Data listing:
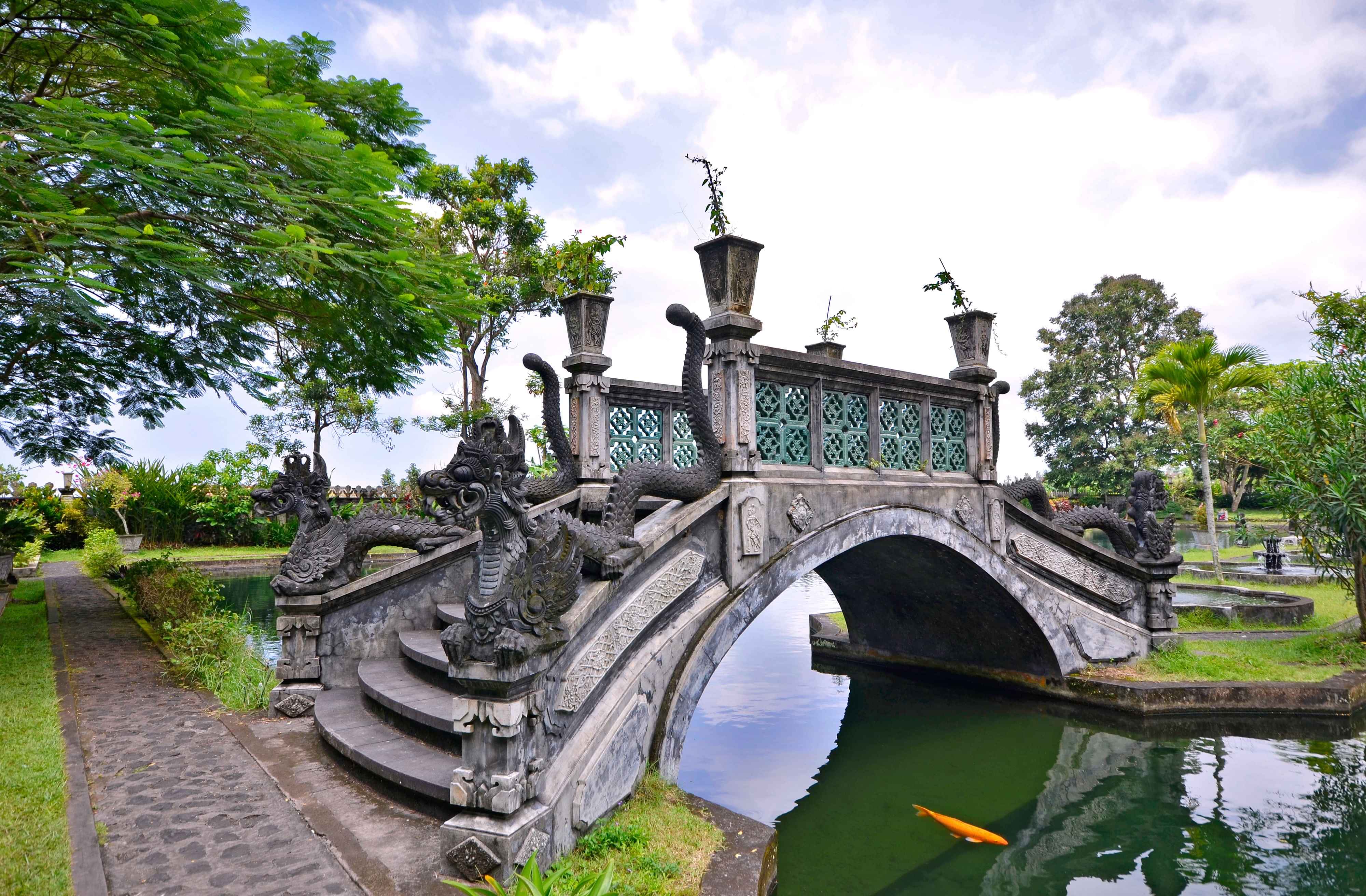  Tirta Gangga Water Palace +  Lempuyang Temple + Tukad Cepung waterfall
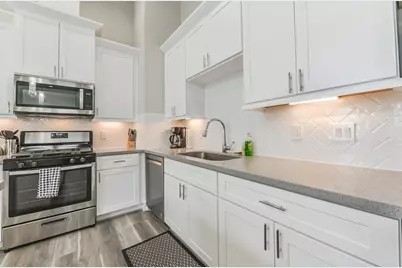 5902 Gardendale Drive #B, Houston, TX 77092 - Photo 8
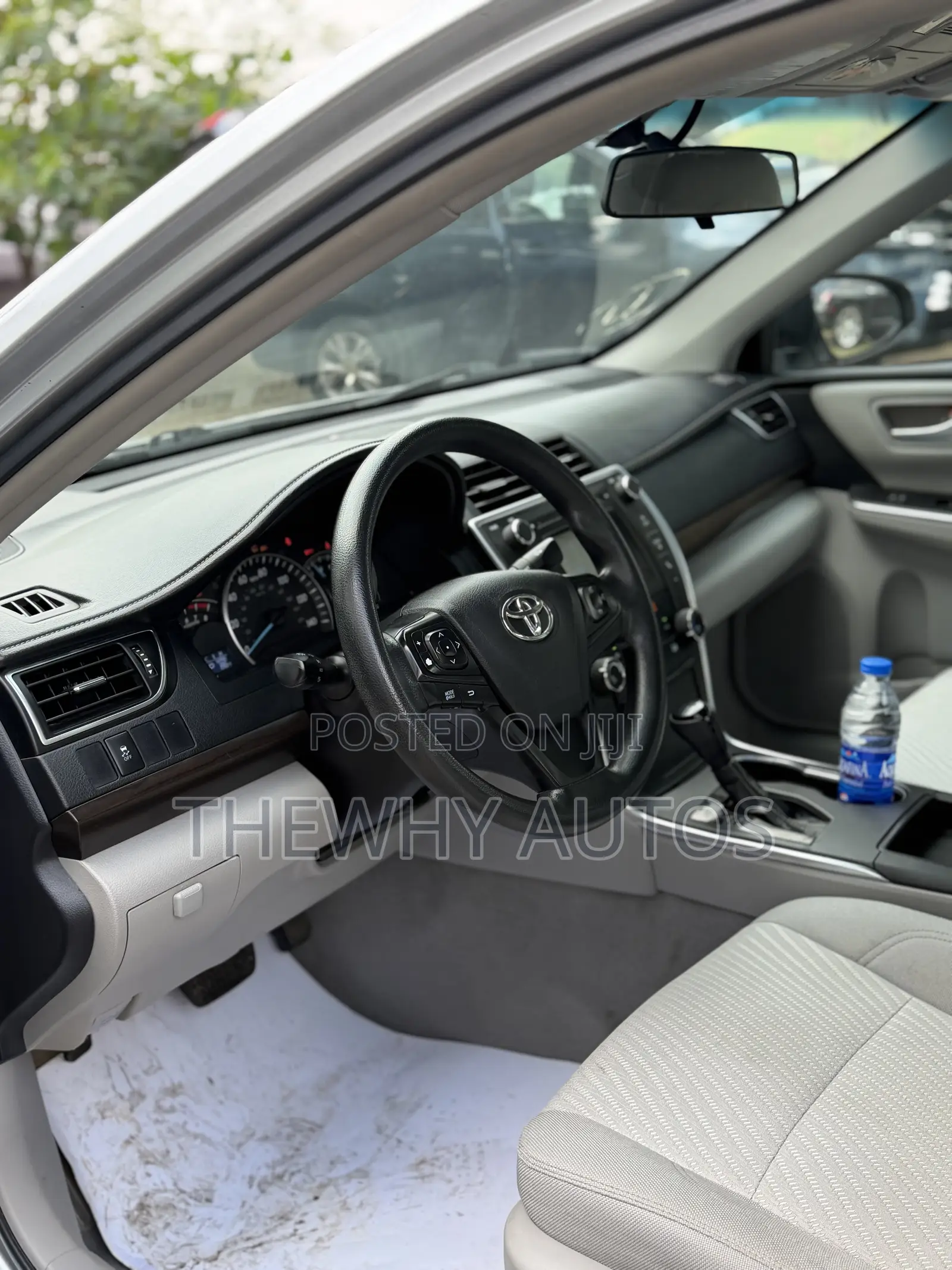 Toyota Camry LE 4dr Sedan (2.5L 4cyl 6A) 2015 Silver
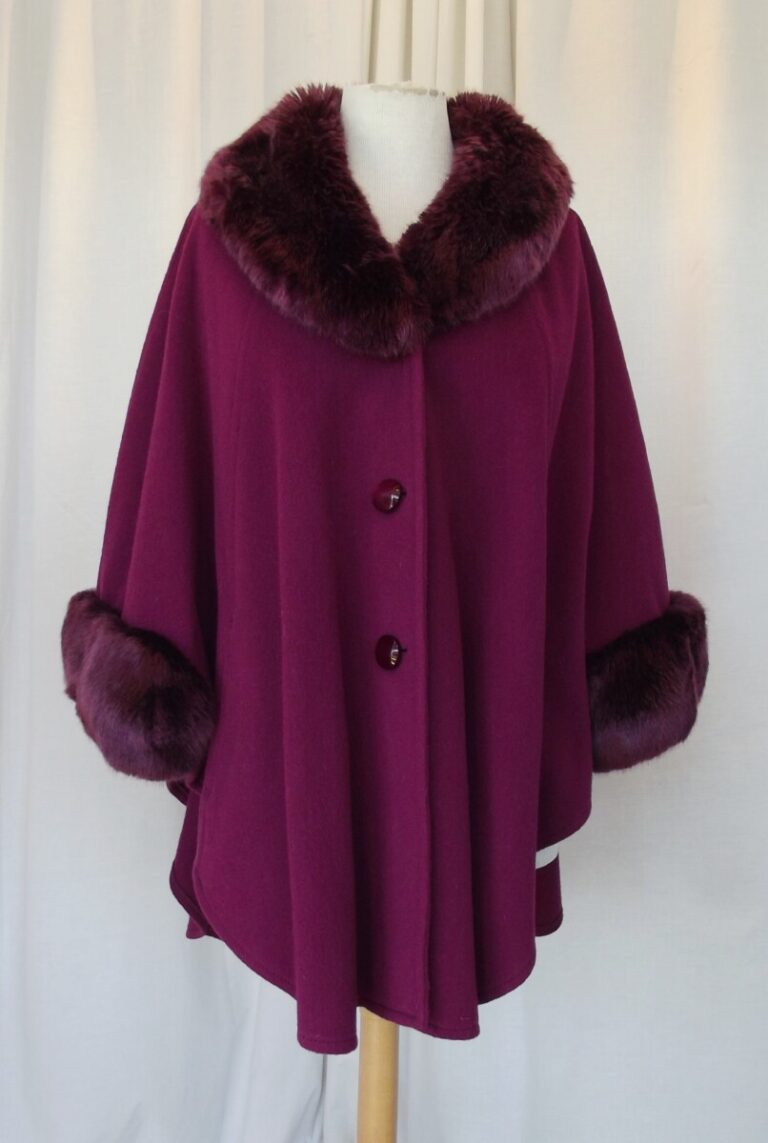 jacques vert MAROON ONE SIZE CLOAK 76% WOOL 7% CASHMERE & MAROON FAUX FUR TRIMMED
* * *
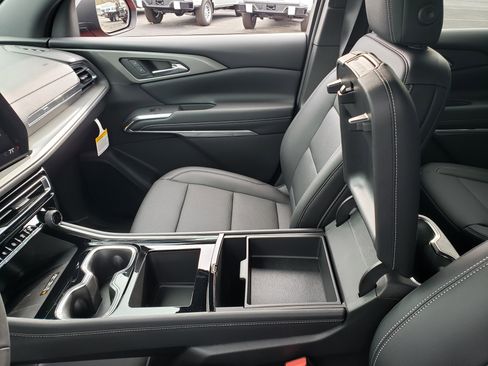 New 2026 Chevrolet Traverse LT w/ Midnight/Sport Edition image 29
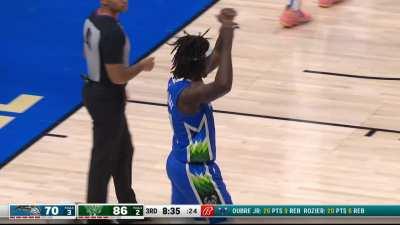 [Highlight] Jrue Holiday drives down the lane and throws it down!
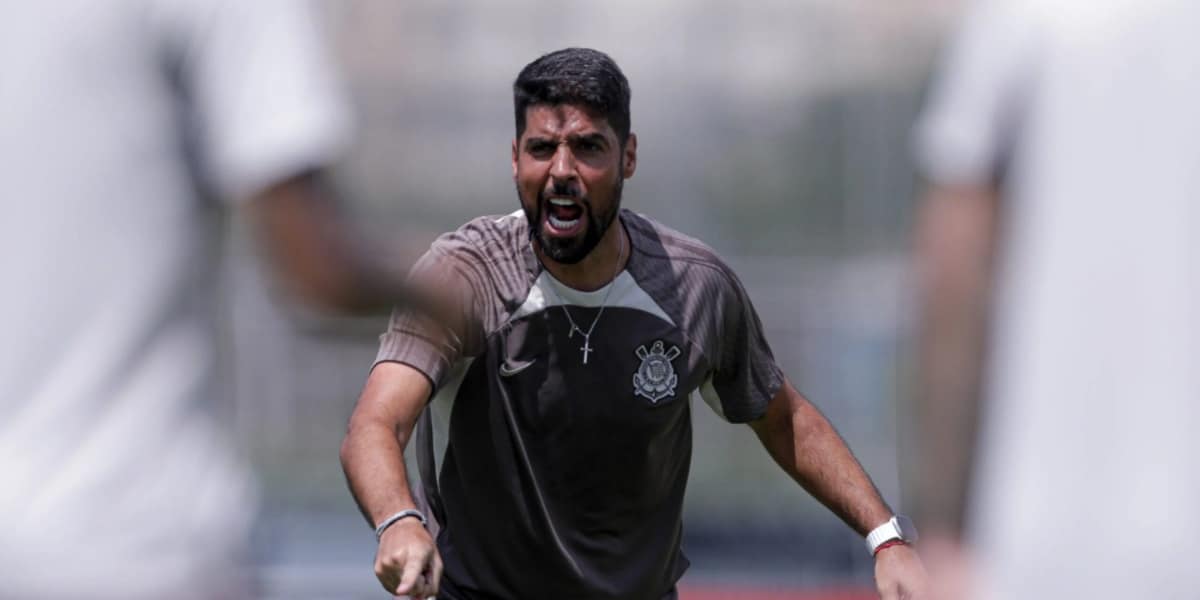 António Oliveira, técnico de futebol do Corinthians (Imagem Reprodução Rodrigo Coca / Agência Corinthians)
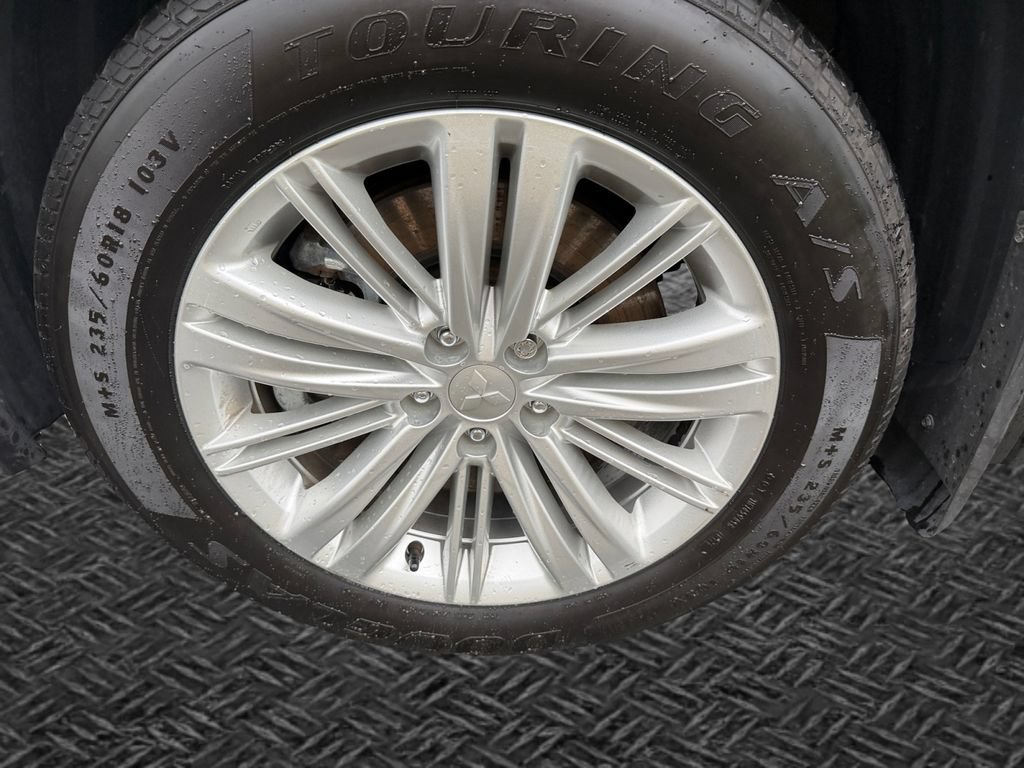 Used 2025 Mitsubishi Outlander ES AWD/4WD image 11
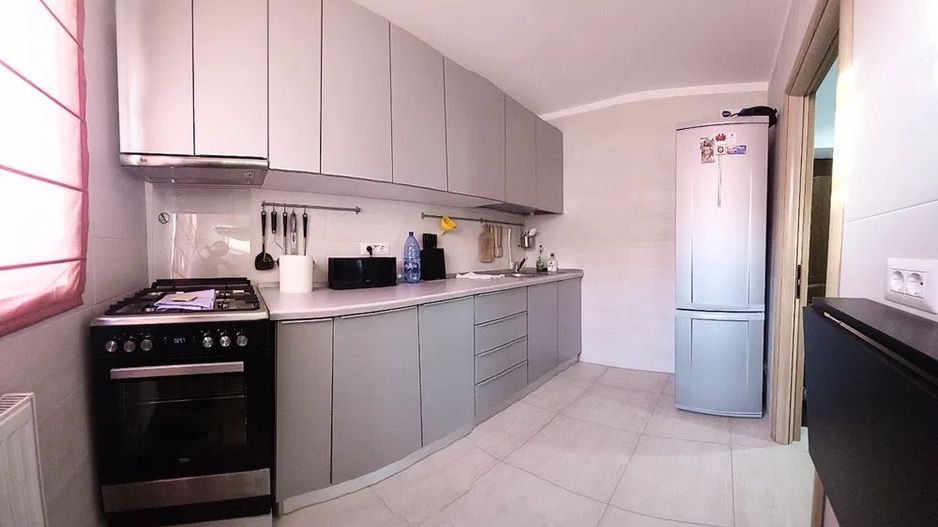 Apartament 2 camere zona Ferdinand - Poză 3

Your assignment:
To complete this exercise, transcribe exactly the lines above from the one that holds "Tirta Gangga Water" through the one that holds "jacques vert MAROON". Pictures stay out.

Result for this exercise:
  Tirta Gangga Water Palace +  Lempuyang Temple + Tukad Cepung waterfall
 5902 Gardendale Drive #B, Houston, TX 77092 - Photo 8
 Toyota Camry LE 4dr Sedan (2.5L 4cyl 6A) 2015 Silver
 jacques vert MAROON ONE SIZE CLOAK 76% WOOL 7% CASHMERE & MAROON FAUX FUR TRIMMED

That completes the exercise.